They will go for a weight loss that is fit for them. And the good news is what we have also seen from clinical studies is you don't need 30% weight loss to have very significant health benefits. Likely 10%-15% is what gives you a lot of health benefits. So let's start to move away from this, you can say, Olympics of weight loss, who gets the most into more reasonable thinking, more mature thinking about how we address this obesity pandemic. Like with any other chronic diseases, we need many choices, and we need choices for different patient categories. We don't need more of the same in our minds. It's also really important, again, to consider that there are two, you can say, leaders in this space, two front runners who have products on the market today.

Then there's a very, very rich pipeline of mostly early stage assets. Most of those are built on the backbone of a GLP-1. You have added different pharmacology or different, you can say, properties to those molecules so they can have slightly different, you can say, product presentations and differentiation. It's not a crowded area when it comes to developing novel medicines for obesity because most, if you are a patient, the patient experience is more or less going to be the same if you have GLP-1 in your molecule. What causes patients to stop taking these molecules is the experience, it's not the lack of efficacy. We need different tools.

We think, as we'll discuss more later in this presentation, that amylin as a category and petrelintide, our molecule in particular, present the first alternative, potential alternative to the GLP-1 category, the first alternative tool, not just a new hammer if you're looking for something else or an improved hammer. Of course, there will be more. Ultimately, obesity being the biggest healthcare challenge of our time, we need to, once that will be a mature therapeutic area, once there are four to five different categories which will each have different modalities within that category. We are not by far there yet. We are not even, I believe, at the end of the beginning of how to tackle this problem. We need novel categories. I've just listed some of the examples of how you can differentiate in the future.
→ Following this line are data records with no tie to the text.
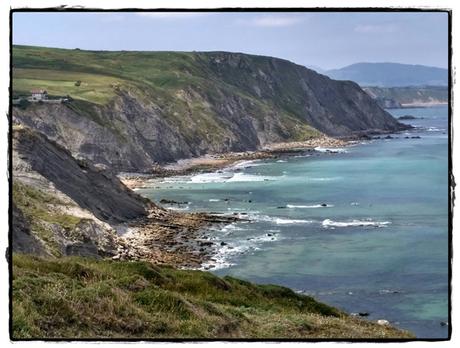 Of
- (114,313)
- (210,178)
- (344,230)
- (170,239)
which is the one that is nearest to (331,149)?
(210,178)

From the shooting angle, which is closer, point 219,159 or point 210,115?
point 219,159

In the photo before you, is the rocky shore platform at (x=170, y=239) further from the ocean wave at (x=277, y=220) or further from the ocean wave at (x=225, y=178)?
the ocean wave at (x=225, y=178)

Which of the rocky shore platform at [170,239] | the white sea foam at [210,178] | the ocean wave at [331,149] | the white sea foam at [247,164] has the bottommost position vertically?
the rocky shore platform at [170,239]

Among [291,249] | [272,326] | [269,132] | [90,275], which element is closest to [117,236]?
[291,249]

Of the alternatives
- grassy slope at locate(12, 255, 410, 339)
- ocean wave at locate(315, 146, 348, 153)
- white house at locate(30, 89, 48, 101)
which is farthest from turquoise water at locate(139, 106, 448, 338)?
white house at locate(30, 89, 48, 101)

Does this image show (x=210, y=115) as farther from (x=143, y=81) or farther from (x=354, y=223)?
(x=354, y=223)

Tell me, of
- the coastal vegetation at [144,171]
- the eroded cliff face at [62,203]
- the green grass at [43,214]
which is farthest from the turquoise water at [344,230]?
the green grass at [43,214] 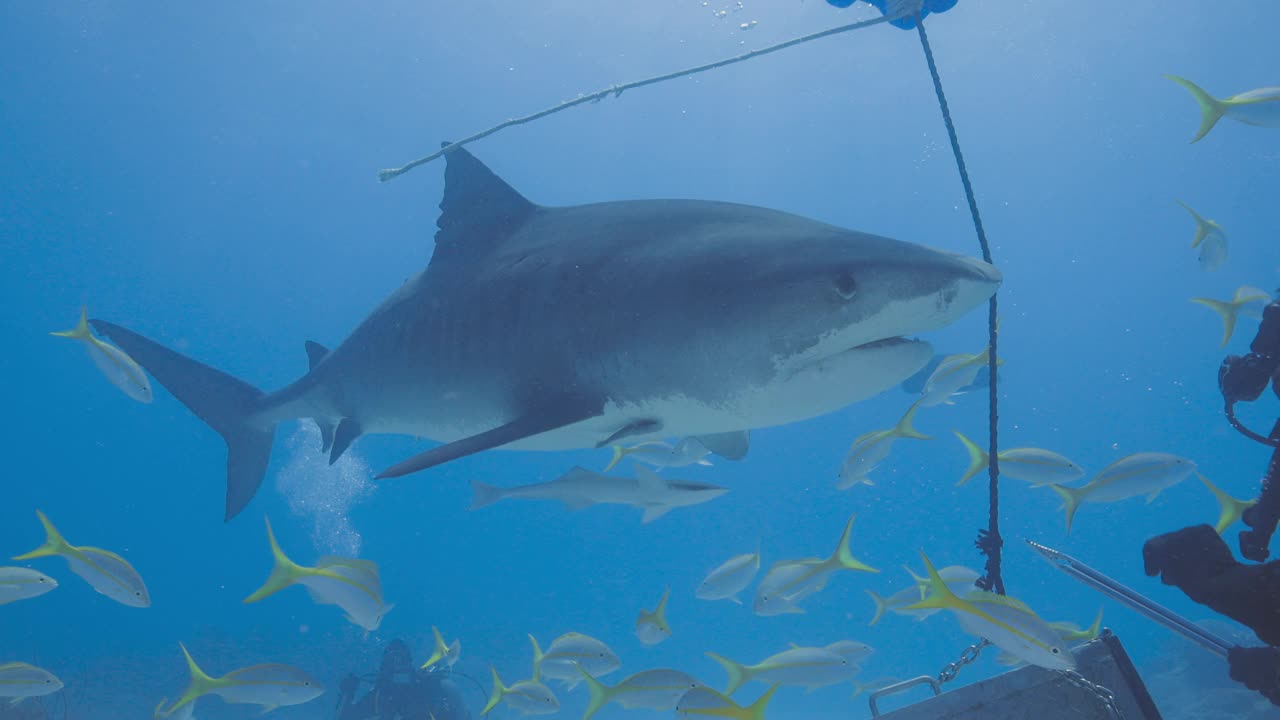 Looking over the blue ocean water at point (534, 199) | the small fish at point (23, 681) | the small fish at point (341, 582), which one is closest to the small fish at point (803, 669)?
the small fish at point (341, 582)

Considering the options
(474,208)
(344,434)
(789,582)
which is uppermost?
(474,208)

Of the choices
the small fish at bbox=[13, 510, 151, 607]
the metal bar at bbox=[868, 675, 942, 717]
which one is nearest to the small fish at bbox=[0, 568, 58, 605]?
the small fish at bbox=[13, 510, 151, 607]

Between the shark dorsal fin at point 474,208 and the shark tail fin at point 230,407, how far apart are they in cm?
233

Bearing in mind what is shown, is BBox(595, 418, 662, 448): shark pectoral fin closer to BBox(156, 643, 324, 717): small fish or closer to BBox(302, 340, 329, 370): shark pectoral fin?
BBox(302, 340, 329, 370): shark pectoral fin

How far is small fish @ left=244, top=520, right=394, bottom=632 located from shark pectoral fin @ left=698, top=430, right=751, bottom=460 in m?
2.48

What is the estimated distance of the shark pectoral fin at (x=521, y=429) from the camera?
95.2 inches

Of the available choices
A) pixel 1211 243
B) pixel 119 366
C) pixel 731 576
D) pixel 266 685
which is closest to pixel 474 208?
pixel 266 685

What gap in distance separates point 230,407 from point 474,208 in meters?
2.80

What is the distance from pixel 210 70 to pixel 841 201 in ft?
122

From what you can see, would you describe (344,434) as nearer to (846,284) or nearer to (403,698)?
(846,284)

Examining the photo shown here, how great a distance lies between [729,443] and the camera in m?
3.67

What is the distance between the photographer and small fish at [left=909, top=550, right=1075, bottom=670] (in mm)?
2279

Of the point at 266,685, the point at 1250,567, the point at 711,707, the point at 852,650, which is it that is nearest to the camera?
the point at 1250,567

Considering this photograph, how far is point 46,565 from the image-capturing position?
142 ft
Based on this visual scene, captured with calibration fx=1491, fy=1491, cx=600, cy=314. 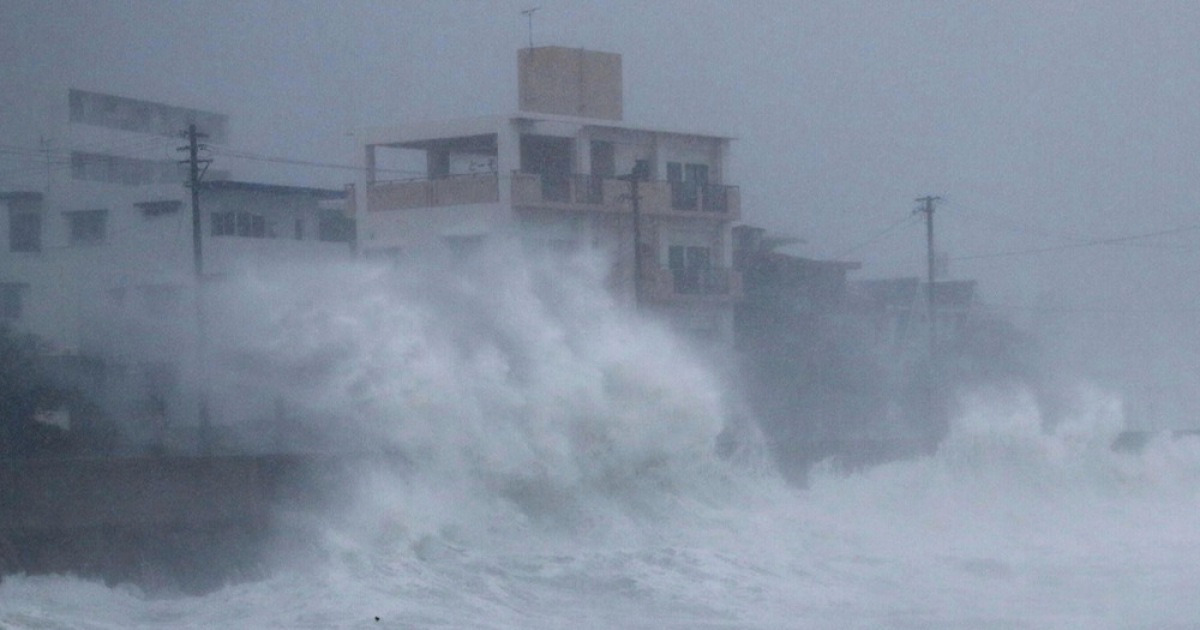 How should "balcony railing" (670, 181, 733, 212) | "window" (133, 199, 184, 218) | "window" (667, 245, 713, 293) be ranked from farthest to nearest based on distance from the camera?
1. "balcony railing" (670, 181, 733, 212)
2. "window" (667, 245, 713, 293)
3. "window" (133, 199, 184, 218)

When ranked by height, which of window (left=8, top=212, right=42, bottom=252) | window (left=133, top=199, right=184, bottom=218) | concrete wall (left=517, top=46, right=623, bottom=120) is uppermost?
concrete wall (left=517, top=46, right=623, bottom=120)

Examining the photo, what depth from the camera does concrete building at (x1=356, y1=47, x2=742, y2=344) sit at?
31.4 metres

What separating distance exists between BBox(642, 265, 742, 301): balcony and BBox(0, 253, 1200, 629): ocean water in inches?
396

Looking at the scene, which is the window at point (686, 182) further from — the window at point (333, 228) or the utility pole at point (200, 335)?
the utility pole at point (200, 335)

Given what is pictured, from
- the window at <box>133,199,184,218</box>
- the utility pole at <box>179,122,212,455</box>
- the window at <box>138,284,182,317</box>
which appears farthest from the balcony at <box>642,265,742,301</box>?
the utility pole at <box>179,122,212,455</box>

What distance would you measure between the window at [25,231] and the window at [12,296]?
A: 1.79 m

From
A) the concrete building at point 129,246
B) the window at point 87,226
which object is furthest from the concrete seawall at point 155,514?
the window at point 87,226

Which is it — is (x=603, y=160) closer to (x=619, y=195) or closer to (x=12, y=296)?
(x=619, y=195)

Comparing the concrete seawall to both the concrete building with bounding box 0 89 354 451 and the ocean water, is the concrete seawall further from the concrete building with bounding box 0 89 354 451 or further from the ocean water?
the concrete building with bounding box 0 89 354 451

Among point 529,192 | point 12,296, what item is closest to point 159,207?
point 12,296

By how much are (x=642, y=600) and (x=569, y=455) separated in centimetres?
393

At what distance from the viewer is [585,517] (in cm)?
1706

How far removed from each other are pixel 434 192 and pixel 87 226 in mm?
7516

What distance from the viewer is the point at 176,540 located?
45.0ft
So again, as I said before, we have seen in clinical trials, we also hear from real-world evidence that GLP-1-based therapies are fantastic tools to help people lose weight. It's the first time we are seeing medicines that actually help people achieving their goals of this 15%-20% weight loss that most people, if you ask them, would say, that's my goal. But it's also a fact that they are associated with significant side effects, GI side effects. And what we see in real world, you can say, use of these medicines, not in clinical trials because we are good at keeping people in clinical studies. But once it's being used in the real world, we see that up to 30% of patients, they drop out of these treatments within one month. We speculate a lot of that has to do with side effects.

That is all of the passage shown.